I'm building a software renderer but I think there might be some problem with my ray-triangle intersection accuracy.
I implemented the algorithm referring to pbrt-v3
without some components which I think have little influence on the intersection test.
Below is the code perform intersection test:
bool Triangle::intersectP(const Ray &r, Point3f p0, Point3f p1, Point3f p2) const {
// translate
Point3f p0_ = p0 - r._o;
Point3f p1_ = p1 - r._o;
Point3f p2_ = p2 - r._o;
// permute, to make sure z-dimension is not zero
// permutation is just like to circular move right/left until z is largest dimemsion.
int kz = r._d.maxDim();
int kx = kz+1; if (kx == 3) kx = 0;
int ky = kx+1; if (ky == 3) ky = 0;
// swap coord
Vec3f d_ = r._d.permute(kx, ky, kz);
p0_ = p0_.permute(kx, ky, kz);
p1_ = p1_.permute(kx, ky, kz);
p2_ = p2_.permute(kx, ky, kz);
// shear
float Sx = -d_.x()/d_.z();
float Sy = -d_.y()/d_.z();
float Sz = 1.0f/d_.z();
// perform transform (p.z doesn't matter now)
p0_[0] += Sx*p0_[2];
p0_[1] += Sy*p0_[2];
p1_[0] += Sx*p1_[2];
p1_[1] += Sy*p1_[2];
p2_[0] += Sx*p2_[2];
p2_[1] += Sy*p2_[2];
// signed edge function to judge whether origin's projection in projected triangle
float e0 = p1_.x()*p2_.y() - p2_.x()*p1_.y(); // p1 -> p2
float e1 = p2_.x()*p0_.y() - p0_.x()*p2_.y(); // p2 -> p0
float e2 = p0_.x()*p1_.y() - p1_.x()*p0_.y(); // p0 -> p1
// perform high-precision at edges
if (e0 == 0.0f || e1 == 0.0f || e2 == 0.0f) {
double p0xp1y = (double)p0_.x() * (double)p1_.y();
double p1xp0y = (double)p1_.x() * (double)p0_.y();
e2 = (float)(p0xp1y - p1xp0y);
double p1xp2y = (double)p1_.x() * (double)p2_.y();
double p2xp1y = (double)p2_.x() * (double)p1_.y();
e0 = (float)(p1xp2y - p2xp1y);
double p2xp0y = (double)p2_.x() * (double)p0_.y();
double p0xp2y = (double)p0_.x() * p2_.y();
e1 = (float)(p2xp0y - p0xp2y);
}
// edge detection
if ( (e0 < 0 || e1 < 0 || e2 < 0) && (e0 > 0 || e2 > 0 || e1 > 0) )
return false;
float det = e0 + e1 + e2;
if (det == 0) // on edge
return false;
// compute z value (i.e. t)
p0_[2] *= Sz;
p1_[2] *= Sz;
p2_[2] *= Sz;
float tScaled = e0*p0_.z() + e1*p1_.z() + e2*p2_.z();
if (det < 0 && (tScaled >= 0 || tScaled < r._tmax*det) ) return false;
else if (det > 0 && (tScaled <= 0 || tScaled > r._tmax*det) ) return false;
return true;
}
Unlike pbrt, my implement use right-hand coordinate and row-major matrices, but I think this do not influence the correctness of this piece of code.
Most of the time, this function works fine.

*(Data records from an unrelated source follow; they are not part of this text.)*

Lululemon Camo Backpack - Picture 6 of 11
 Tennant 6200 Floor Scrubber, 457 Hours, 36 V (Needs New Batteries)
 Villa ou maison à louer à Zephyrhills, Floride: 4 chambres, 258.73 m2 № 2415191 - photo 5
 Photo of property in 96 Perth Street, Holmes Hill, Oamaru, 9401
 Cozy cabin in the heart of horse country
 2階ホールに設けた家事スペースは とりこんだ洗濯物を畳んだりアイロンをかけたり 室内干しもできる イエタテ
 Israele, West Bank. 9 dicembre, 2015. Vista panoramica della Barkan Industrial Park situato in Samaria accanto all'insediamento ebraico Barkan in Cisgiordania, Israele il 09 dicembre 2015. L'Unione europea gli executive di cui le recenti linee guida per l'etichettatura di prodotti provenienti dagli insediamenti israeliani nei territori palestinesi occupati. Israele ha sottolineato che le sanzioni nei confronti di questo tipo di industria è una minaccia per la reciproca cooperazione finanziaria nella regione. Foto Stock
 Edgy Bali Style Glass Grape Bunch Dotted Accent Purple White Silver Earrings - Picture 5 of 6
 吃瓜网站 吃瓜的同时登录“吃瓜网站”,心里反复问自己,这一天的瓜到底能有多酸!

However, artifacts appears when I do occlusion test to the light sources, where r._tmax
has a specific value (the distance between intersection point and light sample point).
I tested the algorithm with a plane and a point light above it, however just use the position of the light, radiance is not computed, and this is why I think the problem is caused by intersection implementation. If unoccluded, a value is returned as radiance, otherwise zero.
Vec3f PointEmitter::evalDirect(std::shared_ptr<Scene> scene, const IntersectInfo &isect_info, const Point2f &u) const {
Vec3f wi;
float light_pdf;
VisibilityTester vt;
Vec3f Li_sampled = sample_Li(isect_info, wi, light_pdf, vt, u);
Vec3f f = isect_info._bsdf->f(isect_info._wo, wi)*std::abs(isect_info._shading._n.dot(wi));
return (scene->intersectP(IntersectInfo(_p).spawnRayTo(isect_info))) *100;
}
And another open box-like polygon, with same light:
There's a circle-like region obviously stands out on the surface.
I consider this comes from the float point error when comparing r_tmax
and the distance. But the code already uses double-precision. Can anyone help?